The Orange Leader is delievered to readers through the mail three times a week, including a weekend publication mailed on Saturdays.
“We began exploring Saturday delivery options Wednesday morning,” Orange Leader Publisher Eric Bauer said. “It’s too early to say definitively which path we’ll take before the USPS stops Saturday delivery in August. We’ll work through all the options and keep our readers informed in the weeks to come. We want to continue the weekend edition. It’s proven very successful for our readers and advertisers. We know our readers want Friday night sports, local news, classifieds and other big ads on the weekend.”
The service expects the Saturday mail cutback to begin the week of Aug. 5 and to save about $2 billion annually, said Postmaster General and CEO Patrick R. Donahoe.
"Our financial condition is urgent," Donahoe told a press conference.
The move accentuates one of the agency's strong points — package delivery has increased by 14 percent since 2010, officials say, while the delivery of letters and other mail has declined with the increasing use of email and other Internet services.
Under the new plan, mail would be delivered to homes and businesses only from Monday through Friday, but would still be delivered to post office boxes on Saturdays. Post offices now open on Saturdays would remain open on Saturdays.

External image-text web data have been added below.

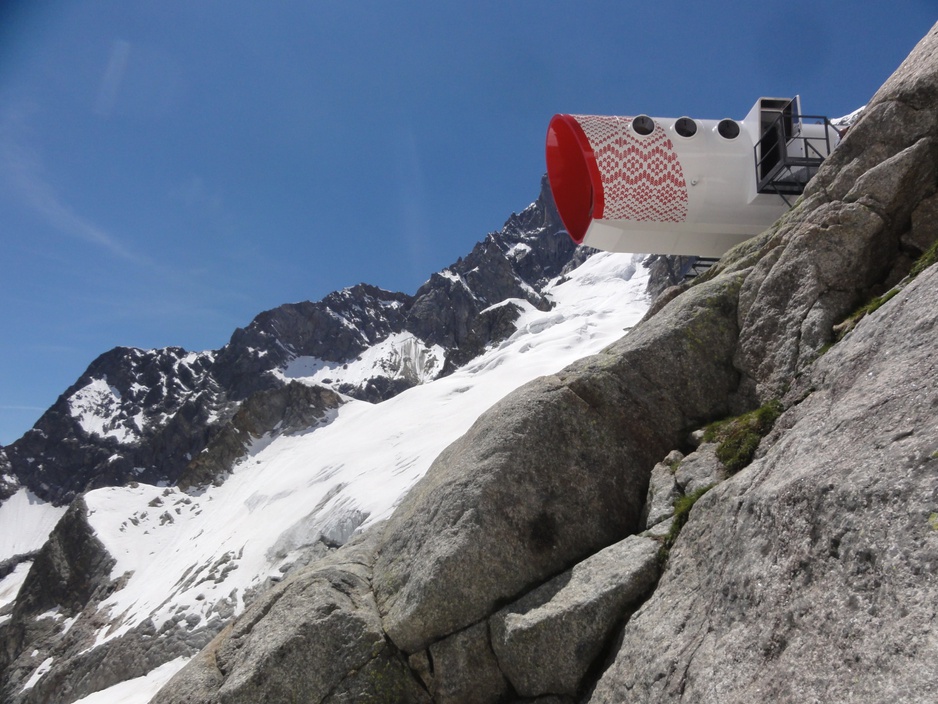 Bivacco Gervasutti – Capsule Hotel Hanging Off A Cliff In Italy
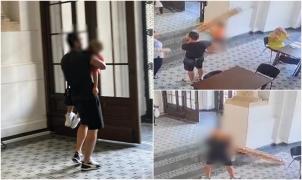 Filmul incidentului dramatic din Primăria Capitalei. În ce stare este copilul de 6 ani, după ce o coloană de piatră s-a prăbuşit peste el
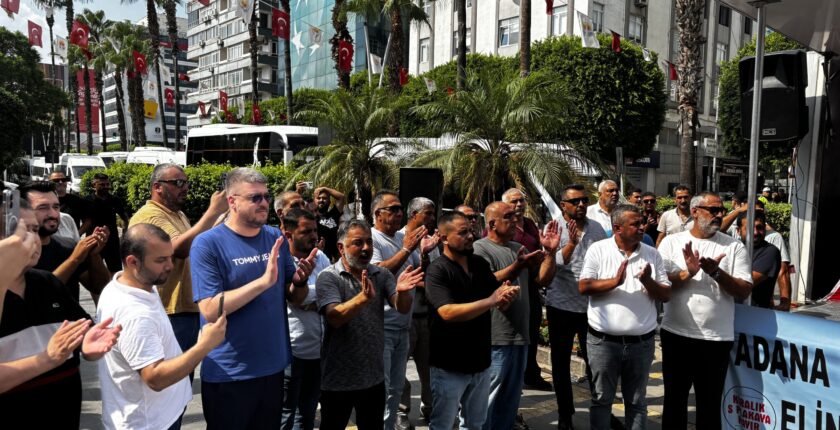 Adana’da servis plakası ihalesi gerginliği: Belediyeye girmek isteyen gruba müdahale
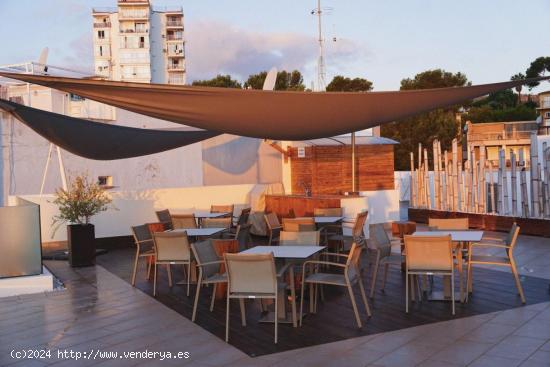 PRECIOSO PISO REFORMADO CON VISTAS AL MAR Y PISCINA COMUNITARIA - BALEARES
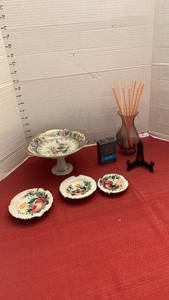 lot 1076 image: Ardalt Japan Porcelain Dishes with Pedestal, nesting ash trays and more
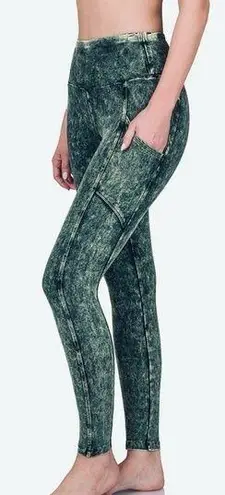 Zenana Outfitters Mineral Wash Wide Waistband Full Length Leggings in Army Green, NWOT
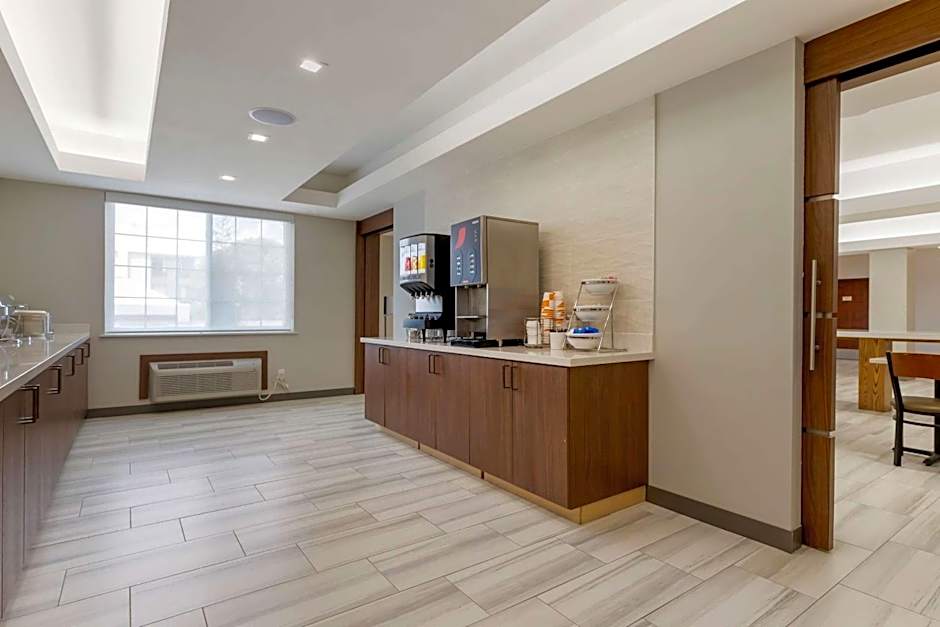 Comfort Inn & Suites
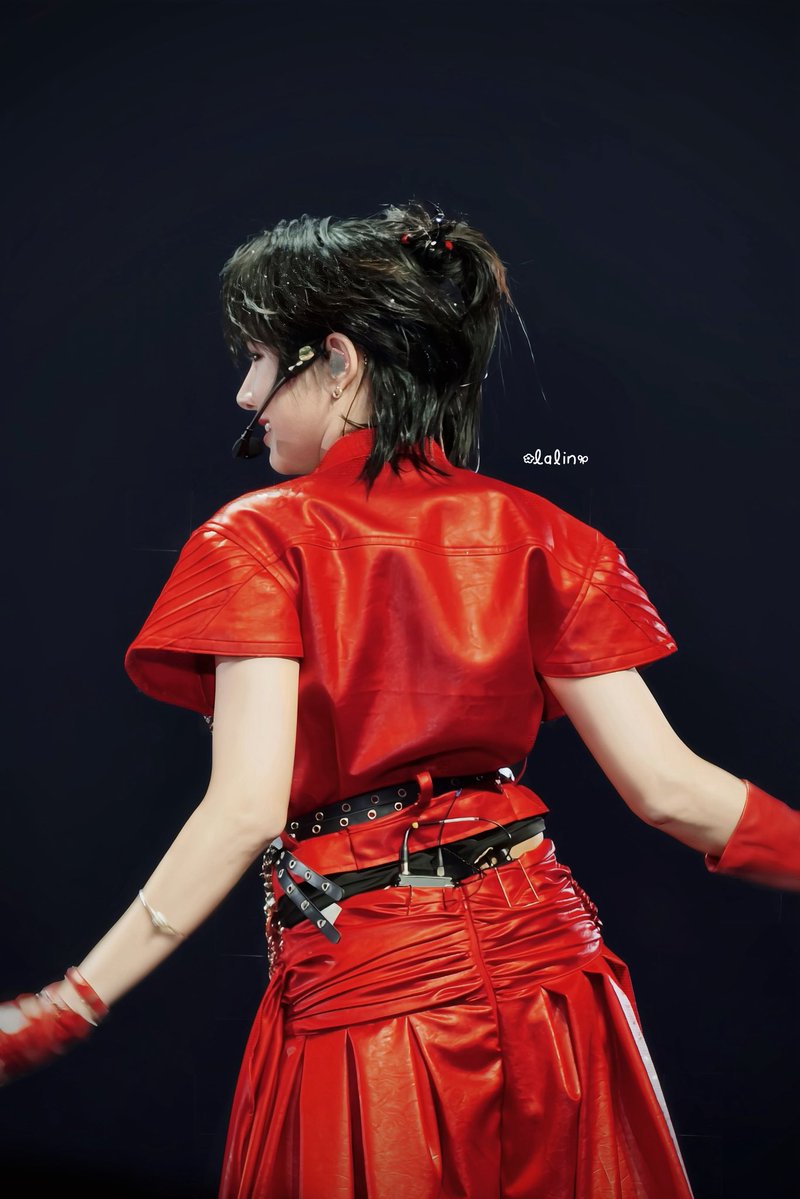 Chilin_93's tweet photo. ɢᴏʀɢᴇᴏᴜꜱ ɴ ꜱᴛᴜɴɴɪɴɢ 🌹🍷 

#DMDLAND3DAY2
#nampingster ♡ https://t.co/UlfQdIjn1s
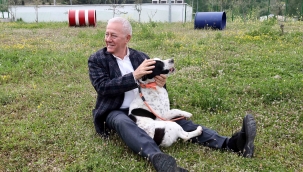 İZSİAD 'Her Fabrikaya Barınaktan Bir Köpek" kampanyasını yükseltiyor 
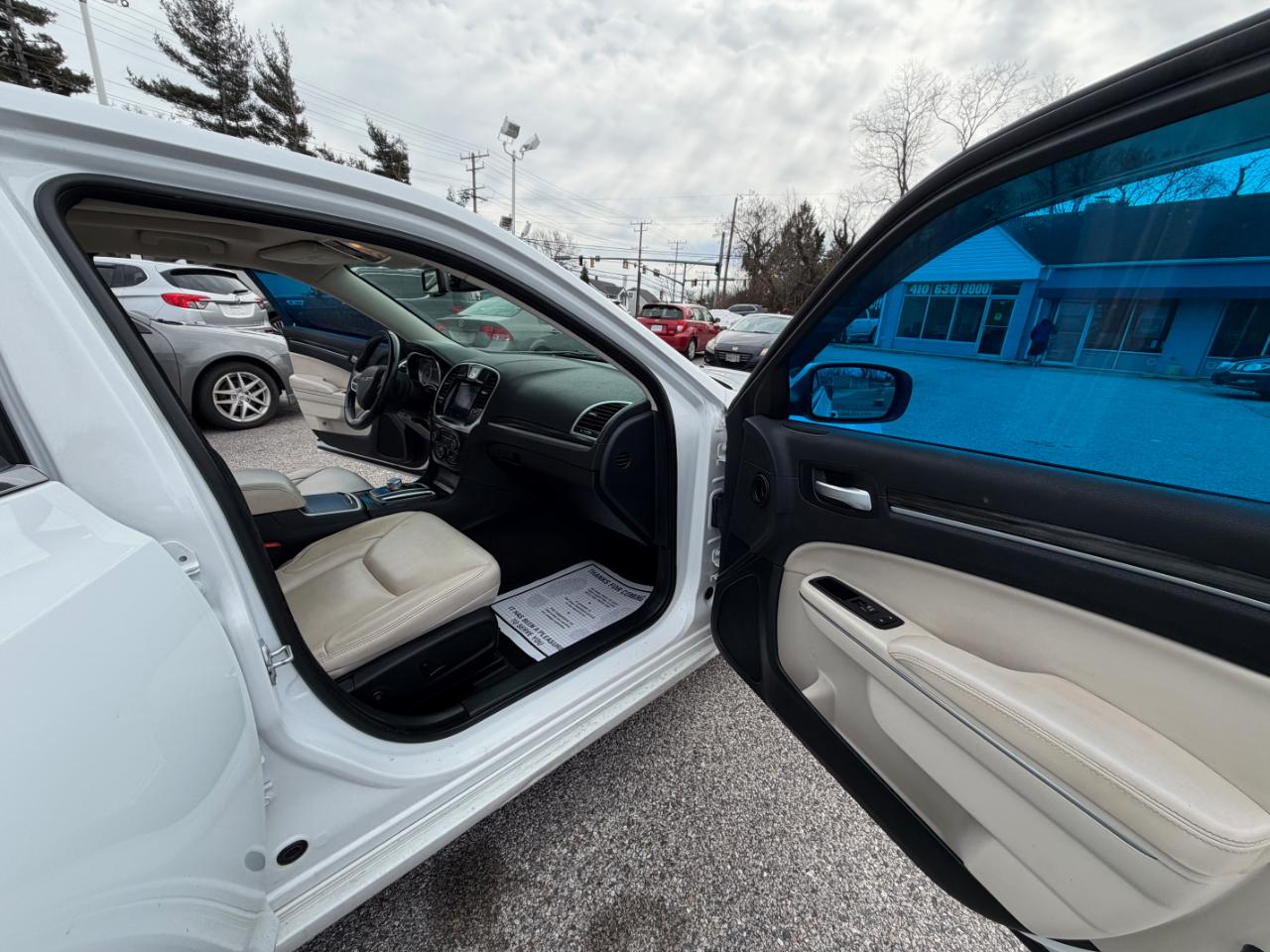 Chrysler 300 Limited RWD 2017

Over the past several years, the Postal Service has advocated shifting to a five-day delivery schedule for mail and packages — and it repeatedly but unsuccessfully appealed to Congress to approve the move. Though an independent agency, the service gets no tax dollars for its day-to-day operations but is subject to congressional control.
Congress has included a ban on five-day delivery in its appropriations bill. But because the federal government is now operating under a temporary spending measure, rather than an appropriations bill, Donahoe says it's the agency's interpretation that it can make the change itself.
The Postal Service is in the midst of a major restructuring throughout its retail, delivery and mail processing operations. Since 2006, it has cut annual costs by about $15 billion, reduced the size of its career workforce by 193,000 or by 28 percent, and has consolidated more than 200 mail processing locations, officials say.
The Associated Press contributed to this story.